HYDRODYNAMICS
— ESSENTIAL TO UNDERSTANDING GEOTECHNICAL BEHAVIOUR —
Finding the need . . .
A real marine construction challenge is to build dry land above the waves simply by dumping dredged sand onto the ocean floor. Experience shows that this procedure results in the sand forming a very flat (~ 3°) underwater cone; the fill is weak, and unreliable. So this method cannot be contemplated at present for important permanent structures like earthdams, causeways, or breakwaters. Hodge wanted to solve this problem. And this, his desire, lead to exposing the shortcomings in geotechnical theory - it's lack of computational utility and it's faulty theory.
The faults in current geotechnical engineering theory have their origin in the academic separation of Soil Mechanics and Fluid Mechanics into discrete disciplines of Civil Engineering. Basically, all that was necessary for Hodge to do was to reintegrate these sister-disciplines. In consequence, it became possible to move ahead with honest conviction. The following discussion of saturated soil-structure behaviour under dynamic/pulsating loading is recounted here as an example of how the application of Fluid Mechanic principles can facilitate Soil Mechanics appreciation.
Wave Flume Modeling
This video record was taken through the glass wall of the wave flume during our hydraulic model testing at the NRC laboratory in Ottawa. Here you are watching the liquefaction failure of a submerged sand embankment and its subsequent recovery of stability, albeit at a lower elevation and side slopes.
The berm was constructed by underwater sandfill placement, but here, without the application of inner drainage; consequently, the berm has flatter side slopes and higher void ratios than if it had been constructed while applying inward seepage forces.

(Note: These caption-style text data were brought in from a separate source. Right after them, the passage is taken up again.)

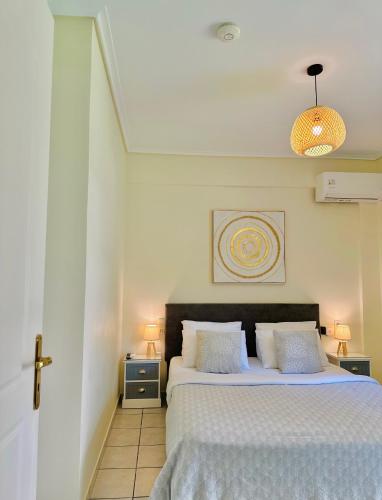 a bedroom with a large bed with two night stands at Sophilia Garden escape in Patra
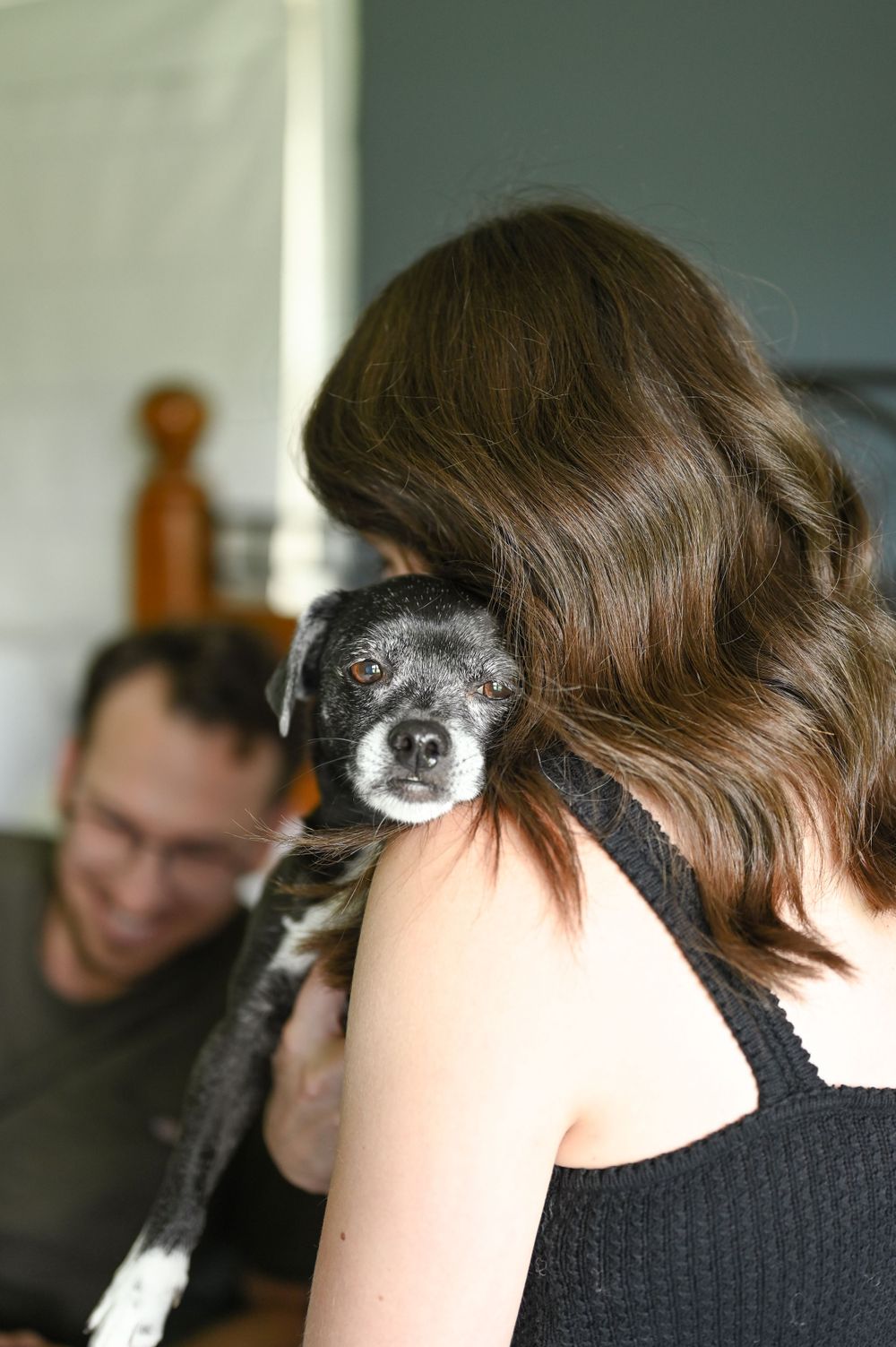 Close-up shots of someone with a black and white dog resting their heads together.
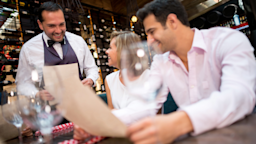 A couple ordering from the menu at a wine bar. 
andresr/E+ via Getty Images 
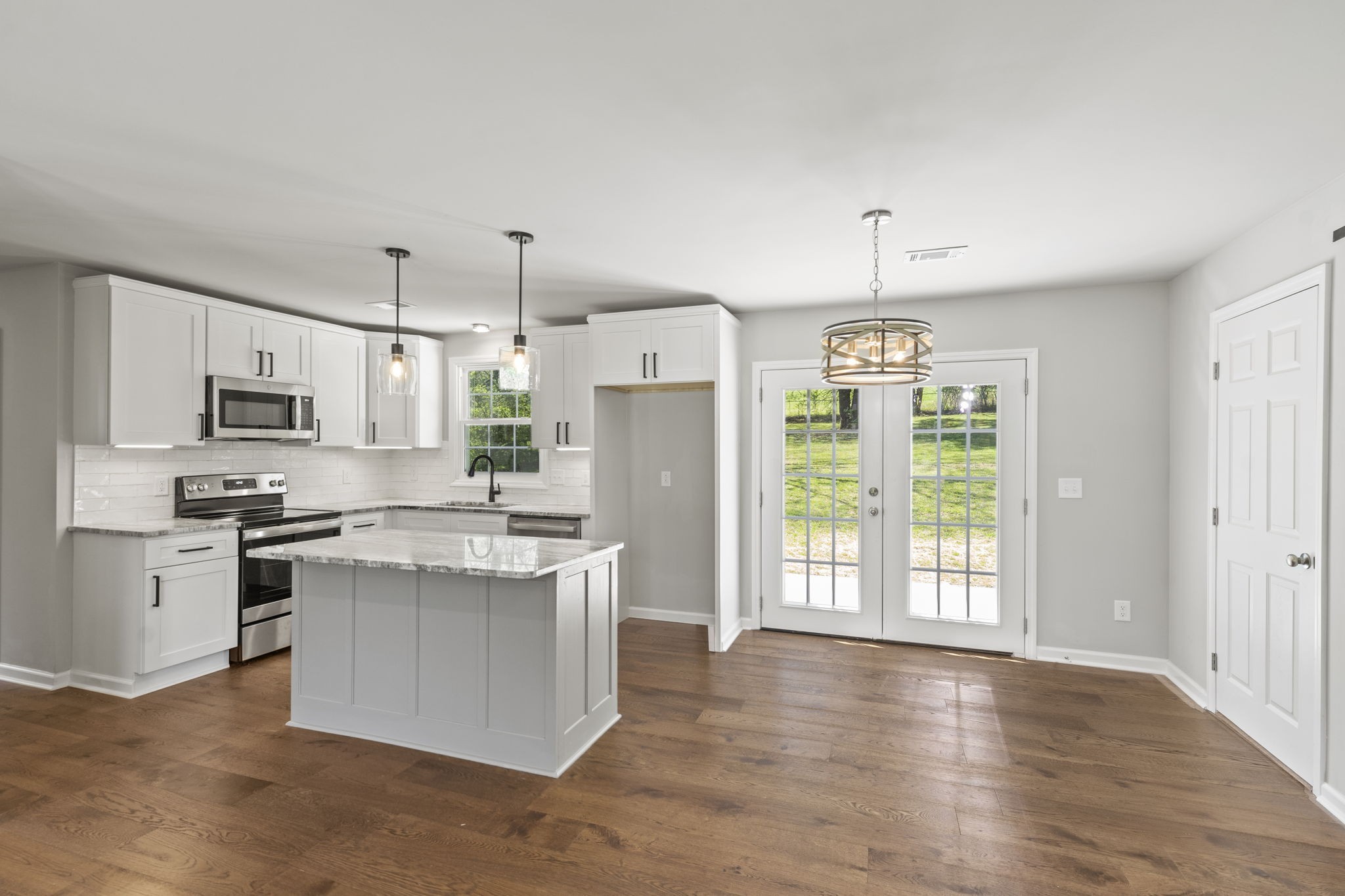 128 South Valley Road Hendersonville, TN 37075 - Photo 10 of 30 a kitchen with stainless steel appliances granite countertop a stove a refrigerator a sink dishwasher and white cabinets with wooden floor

Initially, before the waves start, the model is under simple hydrostatic pressure throughout, and that includes pore water. In other words, a standpipe piezometer placed anywhere within the berm or the surrounding water would show that the piezometric elevation (potential) was coincident with the water surface level. But once the wave train is set in motion, then the potential at any point within the system become equal to the wave water surface level directly above that point. So thereafter, the pore water pressure is made dynamic, and a function of the transient wave form.
Interpretation
These hydrodynamics are interpreted by Hodge as having the following effects on the soil-structure of the sand berm:
The leading face of the wave creates a hydraulic gradient which has two components, the vertical one acting down into the sand and the horizontal one acting towards the downstream [d/s] edge of the fill. Similarly, the trailing face of the wave creates gradients which have components, one pointing upwards and the other upstream [u/s].
Liquefaction commences as soon as the trailing face of the wave train creates a vertical hydraulic gradient in excess of the surficial sandfill's critical ("quicking") gradient. At this stage successive layers of sand are lifted off the underlying particles, thereby denying them shear resistance to motion, and making of them the solid fraction of a heavy fluid. Once reduced to a fluid, the horizontal components of gradient, both u/s and d/s, transport the liquefied sand over these respective edges of the berm.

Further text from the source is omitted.